# Sony Vaio Webcam Trouble



## asphyxiette

Hello, everyone. I'm Ari, and I'm new, but now is not the time for introductions because I'm going _out of my mind._

My Vaio is running on Vista (I don't know if that's relevant), and it has a web cam and mic built in to it, but I can't get the cam or mic to work on messengers. I can use the Camera Capture Utility thing, but I can't have a video chat with my friends.

Help? Please?


----------



## Snoopdogie187

Hello, I woul check with messangers settings to make sure they are set to use that webcam and mic.


----------



## tofumobile

I'm having the exact same problem with my Vaio built in webcam&mic

before, messengers would have a hard time connecting with the camera, and now, the system itself can't seem to find it's own built in hardware! 

When i open the camera software to test it, the laptop itself tells me that there's no camera connected. I have no idea how to fix this.


----------



## Jodylanish

Hello everyone, 
I am also new in here, comming from Germany, bought the Sony Vaio NS too and have absolutely no idea how to use the webcam.
That's really sad, because I think Sony should take a cam that is a allrounder and compartible with a Live Messenger.

The settings of the Messenger can't be configured.


HELLOO??? HELP is neccesary ! ! ! 

Greetings from Germany,
Jody


----------



## Jodylanish

Hello again,
I dit a little research and now it works.

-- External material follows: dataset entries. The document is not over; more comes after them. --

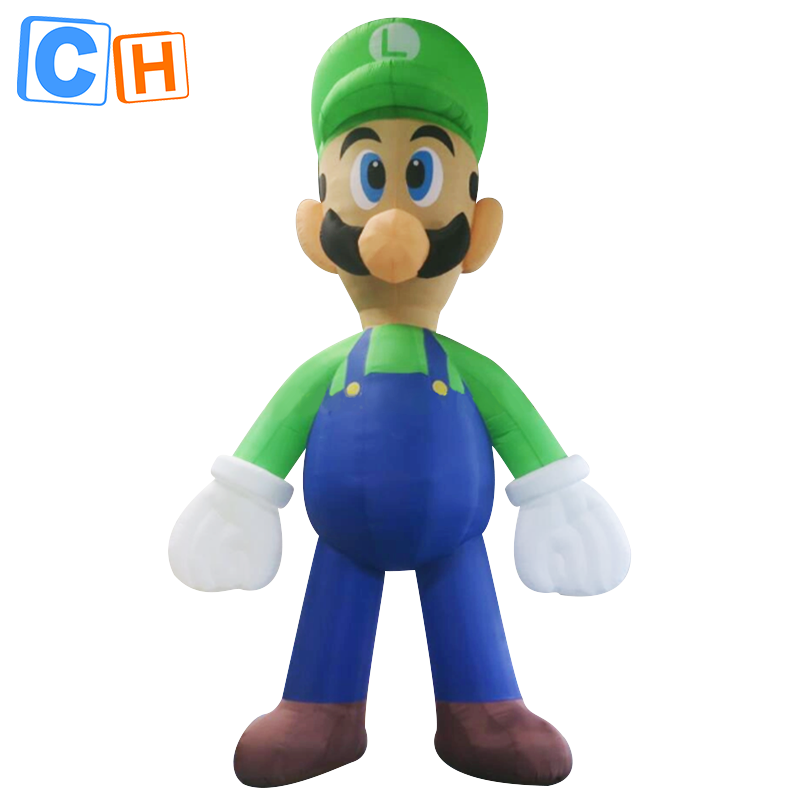 CH Mario Theme Inflatable Advertising Inflatable Model,Hot Sale Custom Inflatable Cartoon Model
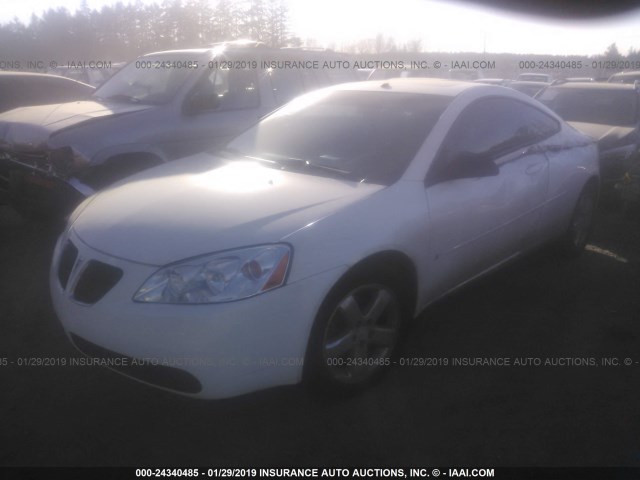 1G2ZH158564289239 - 2006 PONTIAC G6 GT WHITE photo 2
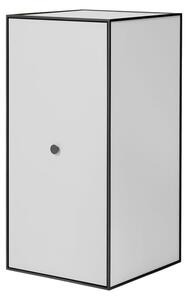 Audo Copenhagen - Frame 70 - Hylla - Light grey - With door and 2 shelfs - 35x35x70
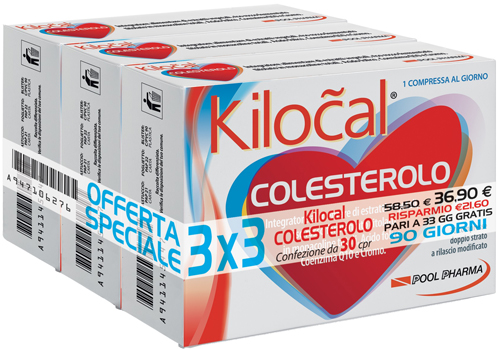 Kilocal colesterolo 30 compresse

First I unistall the driver for the motion eye camera.
Now I try to help you step by step (sorry if my English isn't that well):wave:

Open->System configuration
->Hardware-Manager
->Sony Visual Communication Camera
->property
->unistal driver

After that the camera isn't available any longer.
Please close the whole Hardware-Manager to save your configurations and open it afterwards again.

->Hardware-Manager
-> Aktion
->search for changed Hardware
-> The motion eye camera will be installed again ( you can see the Sony Visual Communication Camera again in the hardware-list)

now click on the camera with your right mouse on property
and update the now-used driver in this menue.


Now my problems with using the cam in a MSN Live-Chat are done..

Hope it'll help you....

Greetings,

Jody


----------



## lokli18

I have a Sony Vaio VGN-CR23G/R preloaded with Windows Vista Service Pack 2.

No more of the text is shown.